The research supports a shift over time. Prone burials from the high medieval period (roughly the 11th to 13th centuries) are more often found in favored or prominent cemetery locations, and the individuals tend to be male. This pattern is consistent with voluntary, honor-related prone burial, where a respected person chose the position deliberately. By contrast, prone burials from the late medieval and post-medieval periods are more frequently associated with cemetery edges, settlement sites, and other less prestigious locations, suggesting the meaning had shifted toward stigma and fear.
How the Meaning Changed Over Centuries
The same physical act, placing a body face down, carried different meanings depending on when and where it happened. Prone burials appear in the archaeological record from prehistory through the early modern period, but the practice was not static. The cultural context around it evolved considerably.
In early and high medieval Europe, prone positioning could be a mark of piety. A significant correlation exists between burial location and dating: high medieval prone burials of men were more likely to occupy favored spots within cemeteries. By the late medieval and post-medieval periods, the practice became more closely tied to deviance, fear, and epidemic disease. The increase in prone burials during these later centuries likely reflects communities reacting to plague outbreaks and the social disruption they caused. When death arrived on a massive scale, older folk beliefs about dangerous corpses resurfaced with new urgency.

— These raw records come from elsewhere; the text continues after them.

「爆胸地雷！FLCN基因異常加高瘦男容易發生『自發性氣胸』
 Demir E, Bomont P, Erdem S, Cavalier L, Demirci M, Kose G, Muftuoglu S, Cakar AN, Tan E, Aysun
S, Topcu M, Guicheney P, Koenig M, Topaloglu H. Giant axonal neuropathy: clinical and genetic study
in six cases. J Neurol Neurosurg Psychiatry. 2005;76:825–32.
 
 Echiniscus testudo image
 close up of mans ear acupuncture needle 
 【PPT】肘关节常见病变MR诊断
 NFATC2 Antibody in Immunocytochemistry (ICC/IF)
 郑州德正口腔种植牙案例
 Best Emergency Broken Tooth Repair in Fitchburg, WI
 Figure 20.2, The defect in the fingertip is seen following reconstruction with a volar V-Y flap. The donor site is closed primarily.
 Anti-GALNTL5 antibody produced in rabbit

This diachronic shift, from humility to horror, is one of the key findings of recent archaeological research. It means there is no single answer to what a face-down burial “means.” The answer depends on the century, the region, the cemetery, and the individual. A prone burial in a prominent church nave in 1150 tells a fundamentally different story than one at the edge of a plague pit in 1650.
Why These Burials Still Matter
Prone burials offer a rare window into what ordinary communities believed about death, the afterlife, and social belonging. Written records from the medieval period overwhelmingly reflect the views of elites and clergy. The burial ground is where everyone ended up, and the choices made there reveal popular beliefs that rarely made it into official documents. A face-down body in a village churchyard tells us something about how that village understood the boundary between the living and the dead, between the worthy and the suspect, between fear and faith.
For modern readers, the practice also challenges the assumption that burial customs were uniform in the past. Even within tightly regulated Christian cemeteries, communities found ways to mark difference. The dead were sorted and categorized through body position, grave location, and the presence or absence of ritual objects, creating a silent record that archaeologists are still learning to read.